Cultural Experience Essay
1. The museum I visited was the Smithsonian mem orial holocaust museum in DC. http://www.ushmm.org/
2. The museum had very informational facts of the challenges faced for victims of the holocaust. There are many educational pieces all throughout the museum.
3. Upon entering the holocaust museum, you will notice the dim lights and eerie sounds coming from the speaker. Also, the walkway is actually a timeline beginning with WWI. There are many artifacts of victims on display.
4. Walking through the museum, I felt a lot of remorse and emotions for the victims of the Holocaust. The most influential moment of the tour is a pile of shoes worn by the victims. The shoe pile is stacked very high and ranges in many sizes. I was emotional of the encounter because it showed me a real example of men, women, and children innocently killed for a radical idea.
5. During week two of our class, we had read about the differences of religion and the culture it brings. We also discussed about the challenges people would face based on their religion. I think this tie in with my topic for this report. The challenge Jews had faced during the holocaust had left an imprint in history. They were out casted in most of central Europe during the Nazi rule.
I also believe that the Holocaust ties in with the discussion of humanities because it is a life lesson that had a major impact in history. It has taught us the significance of what a radical idea can do and how it affects people.
6. Here is a link to the “ID cards” used in the museum but can also be found online. http://www.ushmm.org/remember/id-cards
Collection of shoes found in the Smithsonian Holocaust Museum.
7. This experience had really affected my feelings toward genocide victims. I felt lots of remorse and sadness for the people who had to endure the pains of the holocaust. With this experience, I view the human culture of the past to be different of todays. I believe as time progresses, and the learning of past mistakes, we try to and become more positive of ethics.
8. Although this experience does not directly affect me, I understand more of what is going on around the world. My experience here as opened my eyes to genocide and the horrid effects of what it can do to a population.
During WWI and WWII, there were many deaths because of a radical ideological man, Adolf Hitler. He was the supreme leader of the Nazi forces and had envisioned to rule the world. Aside from the deaths of combat, there was a mass genocide of innocent Jews which accounted for more than five million deaths. Many of the victims ranged from the youngest to the eldest with executions of the most horrid way imaginable. Many Holocaust memorials were built around the world to remind people of the cruel event to which the Jews had to endure. My experience in the Smithsonian Holocaust Museum was very interesting. I have only heard of the Holocaust in grade school and textbooks. However coming here, I was hit with a big impact of emotions from the display of antiques from the victim. In the museum there are authentic photograph and artifacts used and worn by Jews during the genocide.

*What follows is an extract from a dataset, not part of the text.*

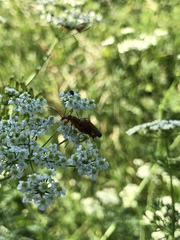 Rhagonycha fulva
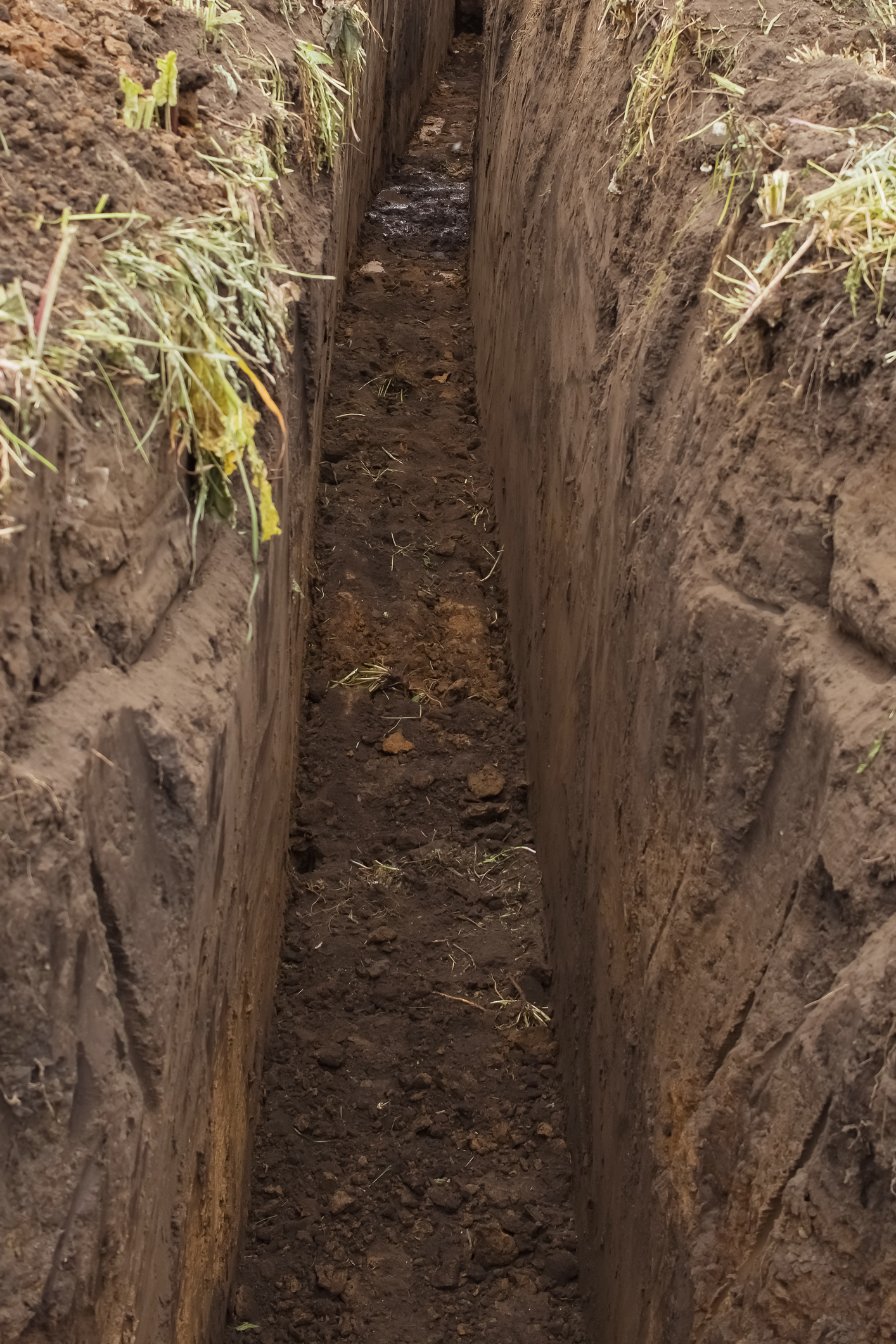 Trench Getty Images Dina Morozova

With tons of information and videos, I felt like I understood more and more the anguish the victims had to endure. I also learned of the torture devices used by soldiers to kill the victims. Cold blooded methods such as gas chambers, fire pits, and death squads are only a few of the many tactics used during the mass genocide. Walking through the museum, I found the most influential section to be a room filled with old shoes piled high. I was particularly focused on it because the shoes were worn and used by actual victims in concentration camps.
The shoes were collected after the executions and were reissued to other prisoners who would cycle through. It was a hard sight to see because some of the shoes had dried blood which signified the torture they had gone through. I was literally speechless with the sight. Genocides are still happening today all over the world. Although the ban of genocide is an international law created by the Geneva Convention, mass killings have since continued after the holocaust. The most notable places are in rural Africa. Many victims are living in constant fear because of their belief in their religion.